* [What is being asked]: Below this line is a set of entries; quote exactly the lines from the line that contains "Tenafly, NJ 07670" to the line that contains "Tuintegel grijs met facet - 50x50x4cm", both lines included.
━━ Supplied data ━━
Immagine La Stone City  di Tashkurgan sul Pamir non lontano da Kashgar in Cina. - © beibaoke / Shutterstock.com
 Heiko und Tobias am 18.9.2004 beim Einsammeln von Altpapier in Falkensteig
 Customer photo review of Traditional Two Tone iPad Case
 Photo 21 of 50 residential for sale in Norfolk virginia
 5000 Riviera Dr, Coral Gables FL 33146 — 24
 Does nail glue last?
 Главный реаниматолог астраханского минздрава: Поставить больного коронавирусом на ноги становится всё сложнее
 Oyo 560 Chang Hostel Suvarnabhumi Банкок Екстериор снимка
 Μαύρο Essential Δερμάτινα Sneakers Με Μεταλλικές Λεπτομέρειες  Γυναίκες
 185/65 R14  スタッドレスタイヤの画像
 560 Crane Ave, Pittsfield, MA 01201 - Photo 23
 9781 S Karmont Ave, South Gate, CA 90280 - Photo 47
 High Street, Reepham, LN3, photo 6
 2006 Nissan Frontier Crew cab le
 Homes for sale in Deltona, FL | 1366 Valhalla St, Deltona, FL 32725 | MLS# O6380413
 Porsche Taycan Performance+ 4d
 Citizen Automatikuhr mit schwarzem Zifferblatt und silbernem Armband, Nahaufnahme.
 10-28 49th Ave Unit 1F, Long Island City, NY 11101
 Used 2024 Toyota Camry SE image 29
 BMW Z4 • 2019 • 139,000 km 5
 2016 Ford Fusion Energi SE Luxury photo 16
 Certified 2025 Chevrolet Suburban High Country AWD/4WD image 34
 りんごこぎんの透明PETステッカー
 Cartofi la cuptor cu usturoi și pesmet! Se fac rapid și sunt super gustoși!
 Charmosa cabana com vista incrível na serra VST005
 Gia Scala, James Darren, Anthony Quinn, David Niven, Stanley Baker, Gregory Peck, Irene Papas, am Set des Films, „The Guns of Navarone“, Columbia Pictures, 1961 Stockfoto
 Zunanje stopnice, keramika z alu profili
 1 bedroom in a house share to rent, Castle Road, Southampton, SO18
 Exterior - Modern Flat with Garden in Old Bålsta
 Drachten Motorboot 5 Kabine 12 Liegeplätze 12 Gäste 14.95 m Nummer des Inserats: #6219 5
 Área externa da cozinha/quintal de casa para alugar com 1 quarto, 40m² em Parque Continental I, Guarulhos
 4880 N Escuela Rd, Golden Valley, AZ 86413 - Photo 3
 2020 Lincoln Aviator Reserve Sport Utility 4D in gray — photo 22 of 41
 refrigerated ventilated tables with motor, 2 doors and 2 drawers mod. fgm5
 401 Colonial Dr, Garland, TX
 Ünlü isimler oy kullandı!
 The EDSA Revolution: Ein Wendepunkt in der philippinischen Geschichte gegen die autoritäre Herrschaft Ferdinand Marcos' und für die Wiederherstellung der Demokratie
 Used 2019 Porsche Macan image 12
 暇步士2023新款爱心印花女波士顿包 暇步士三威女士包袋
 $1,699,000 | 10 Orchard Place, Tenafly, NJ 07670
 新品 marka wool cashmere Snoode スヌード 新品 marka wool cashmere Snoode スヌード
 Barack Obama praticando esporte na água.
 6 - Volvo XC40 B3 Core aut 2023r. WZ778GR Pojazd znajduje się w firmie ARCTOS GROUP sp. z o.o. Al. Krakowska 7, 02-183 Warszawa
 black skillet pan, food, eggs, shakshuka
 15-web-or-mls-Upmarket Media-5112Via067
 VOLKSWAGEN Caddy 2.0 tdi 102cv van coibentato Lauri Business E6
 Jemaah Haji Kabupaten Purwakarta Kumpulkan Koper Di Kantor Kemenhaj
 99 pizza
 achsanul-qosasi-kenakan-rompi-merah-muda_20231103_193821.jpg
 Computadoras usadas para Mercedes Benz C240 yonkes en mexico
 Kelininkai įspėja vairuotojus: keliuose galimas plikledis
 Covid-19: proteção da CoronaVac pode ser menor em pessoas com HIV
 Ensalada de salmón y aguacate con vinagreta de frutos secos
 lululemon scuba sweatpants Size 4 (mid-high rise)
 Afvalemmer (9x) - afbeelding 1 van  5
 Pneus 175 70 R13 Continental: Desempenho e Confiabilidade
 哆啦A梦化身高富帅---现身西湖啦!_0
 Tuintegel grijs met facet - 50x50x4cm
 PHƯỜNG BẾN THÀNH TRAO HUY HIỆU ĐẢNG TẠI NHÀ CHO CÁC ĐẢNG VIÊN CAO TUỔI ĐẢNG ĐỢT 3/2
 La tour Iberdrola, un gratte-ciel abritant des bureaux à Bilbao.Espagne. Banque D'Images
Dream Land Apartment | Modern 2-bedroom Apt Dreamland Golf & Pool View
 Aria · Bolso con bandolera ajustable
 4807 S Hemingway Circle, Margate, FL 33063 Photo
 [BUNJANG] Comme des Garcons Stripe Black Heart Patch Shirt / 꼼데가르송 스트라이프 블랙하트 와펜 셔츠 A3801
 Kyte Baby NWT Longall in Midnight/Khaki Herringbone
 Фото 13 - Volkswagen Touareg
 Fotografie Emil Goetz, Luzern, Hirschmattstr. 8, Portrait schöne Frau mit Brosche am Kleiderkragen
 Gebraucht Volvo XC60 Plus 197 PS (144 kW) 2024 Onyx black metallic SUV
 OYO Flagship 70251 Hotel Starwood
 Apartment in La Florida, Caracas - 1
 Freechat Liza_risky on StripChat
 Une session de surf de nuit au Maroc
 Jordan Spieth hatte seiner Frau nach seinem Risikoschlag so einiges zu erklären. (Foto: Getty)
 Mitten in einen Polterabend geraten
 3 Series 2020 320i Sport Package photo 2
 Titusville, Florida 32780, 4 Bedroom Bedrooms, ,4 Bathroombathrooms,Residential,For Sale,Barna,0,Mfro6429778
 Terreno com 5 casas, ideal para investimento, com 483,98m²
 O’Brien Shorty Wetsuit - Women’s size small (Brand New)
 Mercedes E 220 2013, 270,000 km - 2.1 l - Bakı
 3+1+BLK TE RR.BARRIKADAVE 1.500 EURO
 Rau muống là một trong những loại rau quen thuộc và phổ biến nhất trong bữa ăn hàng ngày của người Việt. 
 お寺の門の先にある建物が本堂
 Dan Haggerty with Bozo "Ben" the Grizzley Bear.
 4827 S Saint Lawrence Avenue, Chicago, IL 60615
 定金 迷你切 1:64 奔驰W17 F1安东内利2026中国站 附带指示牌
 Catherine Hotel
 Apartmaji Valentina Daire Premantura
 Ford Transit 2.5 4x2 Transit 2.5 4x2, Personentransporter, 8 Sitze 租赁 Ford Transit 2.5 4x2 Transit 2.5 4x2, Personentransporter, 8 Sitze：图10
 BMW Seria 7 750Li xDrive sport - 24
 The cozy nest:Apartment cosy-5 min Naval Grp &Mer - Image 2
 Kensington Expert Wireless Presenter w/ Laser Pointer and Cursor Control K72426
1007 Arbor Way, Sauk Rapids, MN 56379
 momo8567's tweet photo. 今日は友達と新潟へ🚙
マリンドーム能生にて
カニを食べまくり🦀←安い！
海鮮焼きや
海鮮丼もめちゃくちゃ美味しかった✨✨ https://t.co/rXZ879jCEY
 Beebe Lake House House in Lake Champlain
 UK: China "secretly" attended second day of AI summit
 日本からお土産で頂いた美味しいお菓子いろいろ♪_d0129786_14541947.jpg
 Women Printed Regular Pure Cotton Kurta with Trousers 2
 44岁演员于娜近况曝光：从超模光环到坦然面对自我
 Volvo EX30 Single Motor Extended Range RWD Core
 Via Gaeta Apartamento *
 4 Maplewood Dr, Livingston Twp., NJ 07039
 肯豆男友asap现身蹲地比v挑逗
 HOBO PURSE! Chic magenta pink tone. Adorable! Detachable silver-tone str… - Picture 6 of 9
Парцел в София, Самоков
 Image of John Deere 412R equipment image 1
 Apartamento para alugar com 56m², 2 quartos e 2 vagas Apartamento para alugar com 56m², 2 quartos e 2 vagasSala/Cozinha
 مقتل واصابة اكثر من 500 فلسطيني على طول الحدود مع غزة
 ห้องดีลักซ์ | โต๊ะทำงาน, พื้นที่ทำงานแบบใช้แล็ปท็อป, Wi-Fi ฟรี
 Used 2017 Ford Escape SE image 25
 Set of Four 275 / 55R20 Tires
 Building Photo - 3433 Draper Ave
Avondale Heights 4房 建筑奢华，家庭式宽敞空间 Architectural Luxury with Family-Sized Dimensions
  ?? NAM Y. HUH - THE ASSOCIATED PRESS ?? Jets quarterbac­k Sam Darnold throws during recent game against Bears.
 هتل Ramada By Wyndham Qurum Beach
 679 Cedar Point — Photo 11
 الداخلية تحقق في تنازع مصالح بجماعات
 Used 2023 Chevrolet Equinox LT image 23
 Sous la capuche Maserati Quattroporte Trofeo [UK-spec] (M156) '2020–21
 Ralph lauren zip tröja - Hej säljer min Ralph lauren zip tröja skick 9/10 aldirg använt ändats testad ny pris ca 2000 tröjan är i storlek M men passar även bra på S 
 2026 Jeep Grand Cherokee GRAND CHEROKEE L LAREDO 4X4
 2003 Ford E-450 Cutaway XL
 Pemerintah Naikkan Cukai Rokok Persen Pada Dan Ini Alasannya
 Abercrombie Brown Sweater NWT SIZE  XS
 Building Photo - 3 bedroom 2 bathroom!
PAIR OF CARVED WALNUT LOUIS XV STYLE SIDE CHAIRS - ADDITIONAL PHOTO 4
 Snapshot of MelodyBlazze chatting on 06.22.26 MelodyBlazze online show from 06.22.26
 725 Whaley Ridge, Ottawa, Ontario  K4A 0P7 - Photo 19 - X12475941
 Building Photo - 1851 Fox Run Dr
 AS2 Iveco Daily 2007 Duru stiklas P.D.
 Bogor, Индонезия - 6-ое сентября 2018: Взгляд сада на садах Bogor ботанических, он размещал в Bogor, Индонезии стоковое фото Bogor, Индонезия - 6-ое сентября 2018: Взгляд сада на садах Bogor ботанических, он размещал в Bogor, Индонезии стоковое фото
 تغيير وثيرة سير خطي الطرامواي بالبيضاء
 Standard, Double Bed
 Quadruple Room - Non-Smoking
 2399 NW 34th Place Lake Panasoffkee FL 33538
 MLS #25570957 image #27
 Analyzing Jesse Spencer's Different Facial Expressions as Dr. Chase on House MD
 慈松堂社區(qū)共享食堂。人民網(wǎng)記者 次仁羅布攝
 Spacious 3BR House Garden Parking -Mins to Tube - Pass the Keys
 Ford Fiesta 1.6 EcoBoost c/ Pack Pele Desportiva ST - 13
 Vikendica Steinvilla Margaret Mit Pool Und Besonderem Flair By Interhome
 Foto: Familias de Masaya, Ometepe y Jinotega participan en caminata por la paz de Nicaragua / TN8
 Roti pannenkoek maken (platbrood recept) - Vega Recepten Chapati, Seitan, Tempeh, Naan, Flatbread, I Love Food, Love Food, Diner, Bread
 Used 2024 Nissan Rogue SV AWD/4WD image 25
━━━
* [Output]:
 $1,699,000 | 10 Orchard Place, Tenafly, NJ 07670
 新品 marka wool cashmere Snoode スヌード 新品 marka wool cashmere Snoode スヌード
 Barack Obama praticando esporte na água.
 6 - Volvo XC40 B3 Core aut 2023r. WZ778GR Pojazd znajduje się w firmie ARCTOS GROUP sp. z o.o. Al. Krakowska 7, 02-183 Warszawa
 black skillet pan, food, eggs, shakshuka
 15-web-or-mls-Upmarket Media-5112Via067
 VOLKSWAGEN Caddy 2.0 tdi 102cv van coibentato Lauri Business E6
 Jemaah Haji Kabupaten Purwakarta Kumpulkan Koper Di Kantor Kemenhaj
 99 pizza
 achsanul-qosasi-kenakan-rompi-merah-muda_20231103_193821.jpg
 Computadoras usadas para Mercedes Benz C240 yonkes en mexico
 Kelininkai įspėja vairuotojus: keliuose galimas plikledis
 Covid-19: proteção da CoronaVac pode ser menor em pessoas com HIV
 Ensalada de salmón y aguacate con vinagreta de frutos secos
 lululemon scuba sweatpants Size 4 (mid-high rise)
 Afvalemmer (9x) - afbeelding 1 van  5
 Pneus 175 70 R13 Continental: Desempenho e Confiabilidade
 哆啦A梦化身高富帅---现身西湖啦!_0
 Tuintegel grijs met facet - 50x50x4cm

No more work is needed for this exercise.